The EGI Technical Forum has gotten under way today here in Lyon, and this is the first of a few posts which I'll be giving. I was asked to provide a different perspective than what could usually be expected, one from an "African" point of view. Indeed, this TF has a large (compared to previous EGEE/EGI meetings) African participation, thanks to the EUMedGrid User Forum, which is co-located, but the continent is still extremely under-represented in these spheres. My work over the last couple of years has been to a large extent trying to change this, focussing of course on my own country, where i coordinate the national grid, but including as well the 20-odd institutes working on the HP-funded, UNESCO run "Brain Gain Initiative".
But first let me explain the meaning behind the title of this post. I'm attending the meeting with a few hats (as I'm sure most of my colleagues are) :
- Coordinator of SAGrid, to sign the MoU for resource infrastructure providers between South Africa and EGI.eu
- member of the CHAIN project, representing the Sub-Saharan region (we have a closed project meeting on Tuesday)
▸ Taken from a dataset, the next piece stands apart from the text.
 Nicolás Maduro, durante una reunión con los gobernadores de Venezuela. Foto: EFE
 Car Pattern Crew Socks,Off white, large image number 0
- Coordinator of SAGrid, presenting to the CHAIN workshop (overview of SA scientific applications)
- finally, I'll be at the EUMed User Forum, presenting some of the work we've done in the human language research domain.
So, I really feel like there's not enough time and not enough "Bruce" to go around. As an aside, this is a strategic issue which is being resolved in South Africa, via the CHAIN project, to develop a sustainable support and development strategy, by specifying more concrete and refined roles, and resources assigned to the people involved in the project. During this time, when the final touches are being put into place for AfricaROC, we have a lot of work to do to keep up with developments in Europe, and make sure that our work in Africa is coherent with the rest of the world.
I'm very proud to be able to represent my country in this meeting and look forward to meeting old colleagues and new. What is more, I'm extremely excited about the enthusiastic researchers in Africa who are wanting to jump on the grid. We're working hard to remove barriers to entry, and ensure that they have access to the biggest and best infrastructure possible.